EU countries including Ireland, the Netherlands, Cyprus, and Malta “could experience negative consequences” because of the strong links with the UK, the ratings firm said.
“The trio of Ireland, Cyprus and Malta share the strongest links with the UK through supply chains,” Moody’s said.
“In particular, Ireland sources nearly half of all imported intermediate goods for production processes from the UK. Following Luxembourg, Ireland and the Netherlands have the most substantial flows of funds.
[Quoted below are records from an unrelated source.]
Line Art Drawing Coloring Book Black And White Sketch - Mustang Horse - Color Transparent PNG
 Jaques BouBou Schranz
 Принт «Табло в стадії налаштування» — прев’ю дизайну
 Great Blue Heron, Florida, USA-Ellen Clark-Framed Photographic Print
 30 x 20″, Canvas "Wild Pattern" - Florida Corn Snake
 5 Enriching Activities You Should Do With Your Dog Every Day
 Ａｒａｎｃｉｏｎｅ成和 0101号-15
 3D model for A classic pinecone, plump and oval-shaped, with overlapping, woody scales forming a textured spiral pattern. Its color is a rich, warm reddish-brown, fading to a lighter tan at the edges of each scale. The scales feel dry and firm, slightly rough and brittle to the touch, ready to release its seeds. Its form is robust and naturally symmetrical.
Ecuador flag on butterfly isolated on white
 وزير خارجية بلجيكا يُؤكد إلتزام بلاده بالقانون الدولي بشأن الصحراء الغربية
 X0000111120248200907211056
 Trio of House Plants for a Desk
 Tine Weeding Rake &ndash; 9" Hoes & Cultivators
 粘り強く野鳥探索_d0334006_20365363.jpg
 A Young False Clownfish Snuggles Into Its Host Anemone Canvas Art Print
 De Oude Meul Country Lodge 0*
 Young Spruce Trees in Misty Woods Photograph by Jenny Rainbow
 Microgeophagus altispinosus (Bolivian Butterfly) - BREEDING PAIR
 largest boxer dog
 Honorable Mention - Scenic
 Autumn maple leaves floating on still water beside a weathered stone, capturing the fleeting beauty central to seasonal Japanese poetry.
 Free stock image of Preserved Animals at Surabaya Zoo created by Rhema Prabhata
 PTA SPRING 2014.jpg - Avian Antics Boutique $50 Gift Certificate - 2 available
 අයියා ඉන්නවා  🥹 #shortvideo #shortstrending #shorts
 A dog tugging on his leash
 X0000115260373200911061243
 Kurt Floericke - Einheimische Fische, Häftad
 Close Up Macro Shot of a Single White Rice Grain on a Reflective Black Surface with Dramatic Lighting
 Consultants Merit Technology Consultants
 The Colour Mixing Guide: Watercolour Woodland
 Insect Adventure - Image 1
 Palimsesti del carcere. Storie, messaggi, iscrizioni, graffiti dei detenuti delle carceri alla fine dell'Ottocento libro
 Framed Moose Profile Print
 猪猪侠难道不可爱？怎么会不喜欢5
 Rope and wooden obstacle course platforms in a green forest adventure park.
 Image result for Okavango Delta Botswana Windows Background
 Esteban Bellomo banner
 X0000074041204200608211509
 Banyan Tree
Portfolio investments are most pronounced in relation to Ireland, while foreign direct investment positions vis-a-vis the Netherlands are a primary driver of those financial linkages with the UK,” its report said.
On the UK exiting without a deal, Moody’s said: “The UK’s withdrawal from the EU without an agreement to replace existing arrangements — a risk that has risen materially in recent months — would damage the UK economy and be credit negative for a range sectors and debt issuers in the UK and Europe.”
“We still think the UK and the EU will eventually reach an agreement to preserve many, but not all, of their current trading arrangements, particularly around trade in goods,” said Colin Ellis at Moody’s.
“However, we believe the prospect of the UK leaving the EU without any agreement has risen materially,” he said.